The Navy should not only remove offensive cyber from the cryptologic warfare community’s portfolio but stop trying to produce the capability entirely. That, in turn, should trigger honest reflection about how we would have configured the IW community, or even formed it in the first place, if we had known it would fail to produce results in offensive cyber. The ideal end state for these officer communities might look something like this:

  • The information warfare and cryptologic warfare communities are disaggregated.
  • Naval intelligence incorporates two “feeder” routes: An all-source path like the status quo and a signals intelligence (SIGINT) specialist path based on Navy cryptology. They merge at the O-5 level.  This is where the reorganization in 2009 should have stopped. It acknowledges that SIGINT collection and analysis are functionally subordinate to intelligence overall—a source of angst for some cryptologists that explains much of Navy IW’s history—but it does so by giving SIGINT specialists opportunities to lead all-source intelligence teams at the strike group level and higher.  In return, officers from the all-source path would have greater access to Navy cryptology’s crucial leadership positions in the SIGINT world.

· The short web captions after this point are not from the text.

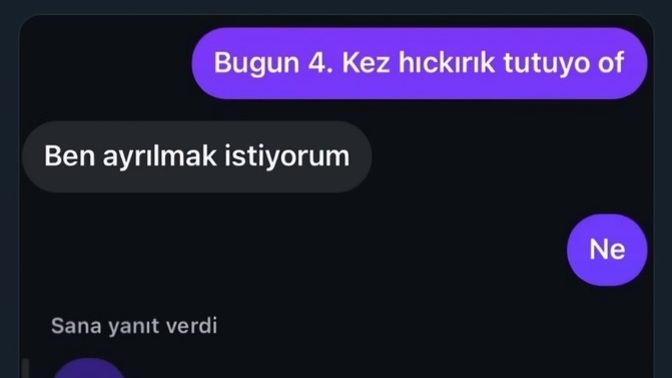 Partnerinizin şakacı ve neşeli biri olması mı, yoksa ciddi ve mesafeli biri olması mı size daha çekici gelir?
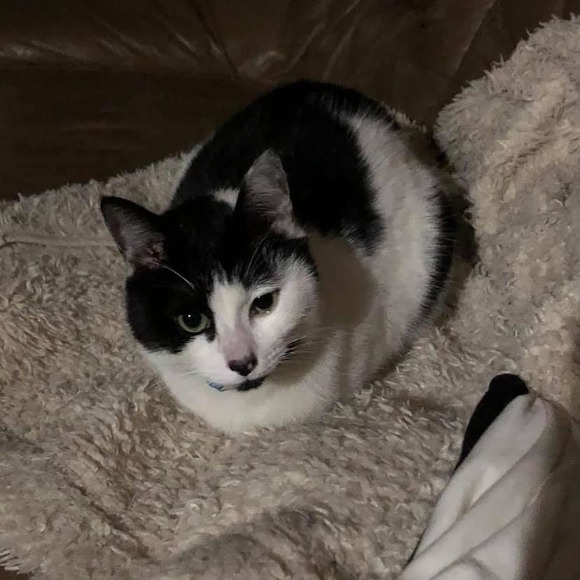 166344226_2214878838647485_1062459452252620100_n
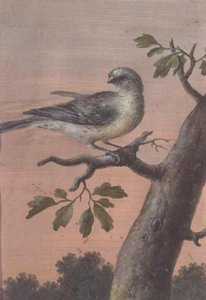 Vogel auf einem Ast von Christoph Ludwig Agricola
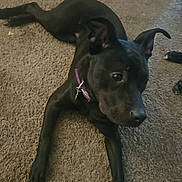 Hera joined the competition — help win amazing prizes! dog, black_dog, carpet, collar, indoor, toy, footwear, sandal, pet, animal, playful, curious, lying_down, paw, ear, nose, tail, floor, home, relaxed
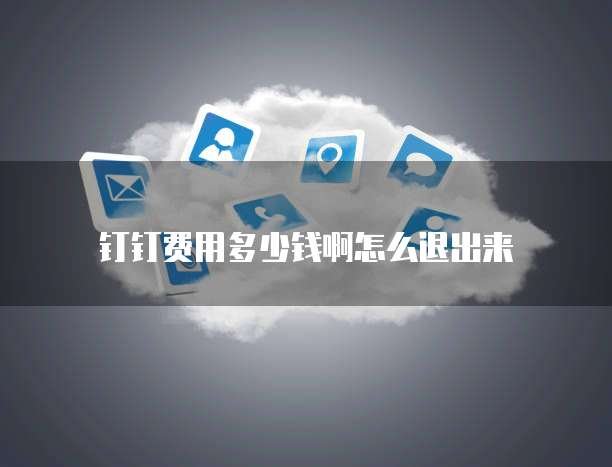 钉钉费用多少钱啊怎么退出来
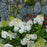 Hydrangea, First Editions® Little Hottie® Hydrangea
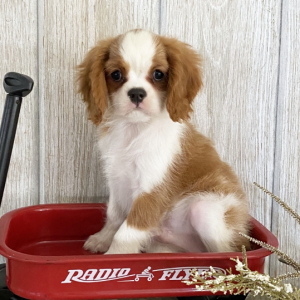 Cavalier King Charles Spaniel Puppy Hamilton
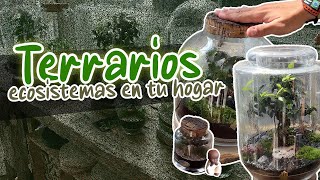 TERRARIOS  Fascinates ECOSISTEMAS en tu casa [upl. by Jemy]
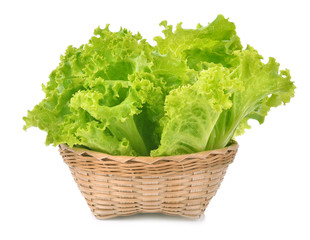 lettuce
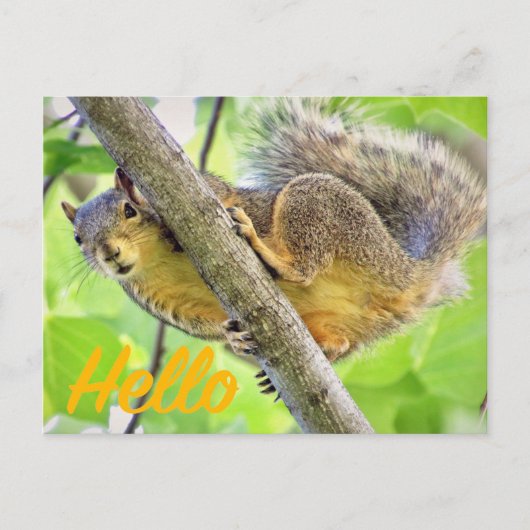 Hallo, einfach nur die Postkarte überprüfen (Vorderseite)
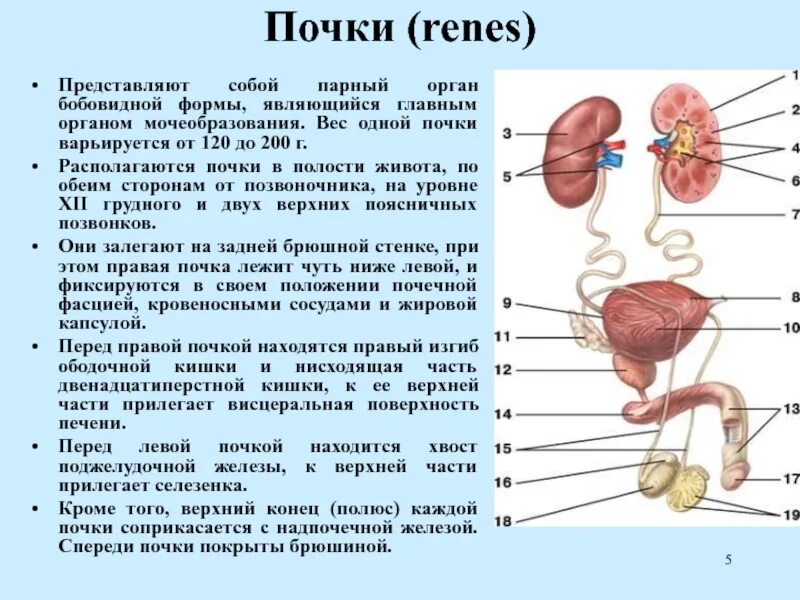 Структура тела почки. Органы и части почечной системы.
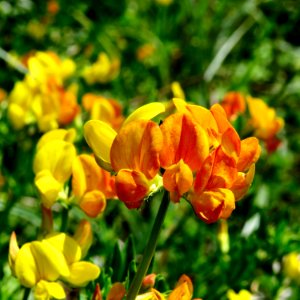 Lotus corniculatus Kiev2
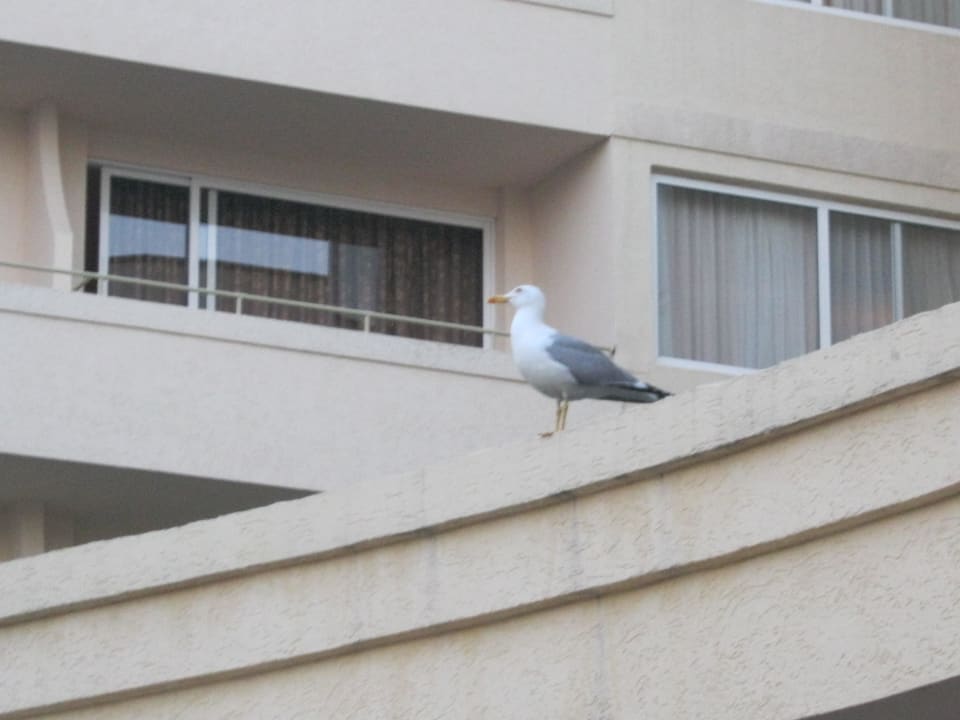 Möwe bewacht unser Essen DAS Club Hotel Sunny Beach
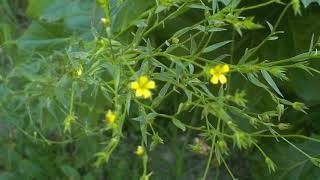 Linum strictum Lino minore medicinal plant [upl. by Daryle]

  • Information professionals (IPs) remain focused on the immense task of running communication systems and networks. The latter includes much of the defensive side of cyber, where the case for service-grown capability is indisputable and the Navy has naturally produced better results. Effectiveness in this realm could be much more consequential than potential heroics in cyber offense.
  • A new signature management specialty, continuing important work over recent years centered on an afloat information warfare commander (IWC), focuses on the tradeoffs between active and passive operational profiles. These professionals are experts at how communications, sensors, and maneuver might reveal our force disposition to adversaries.  They don’t command anything themselves, but their advice to commanders and monitoring of signature control is crucial for operations at sea. The best template for this skill set is not an entire community or even a dedicated career path, but rather something like a high-end Additional Qualification Designator (AQD) earned with experience and training, similar to targeting now. Signature management today is marketed as “IW,” but it is integral to all forms of warfare—a fighter performing a Doppler notch maneuver is managing its signature—so the specialty would be open to both URLs and the restricted line.
  • Similarly, for offensive cyber, the solution is not a community in the Navy that aspires to execute those missions, but rather an AQD for professional planners who have the education, experience, and highly compartmentalized access to understand how offensive cyber capabilities at the national level can deliver effects that support naval warfare.  They are the bridge between the Fleet and an external agency free to manage human resources for offensive cyber outside the military model.

What would the implications of these changes be for Navy IW’s infrastructure, including OpNav N2N6 in Washington, Navy Information Forces (the IW type command in Suffolk, Virginia), and the U.S. Tenth Fleet in Fort Meade, Maryland? Patriotic taxpayer answer: I don’t care. The Navy should optimize its manpower structures for the Fleet’s warfighting lethality, which includes breaking the IW community back down into logical components and cleanly outsourcing the execution of offensive cyber. The bureaucracy can adjust. If the IW segment of the Navy has developed one authentic skill since 2009, it is handling dramatic organizational upheavals.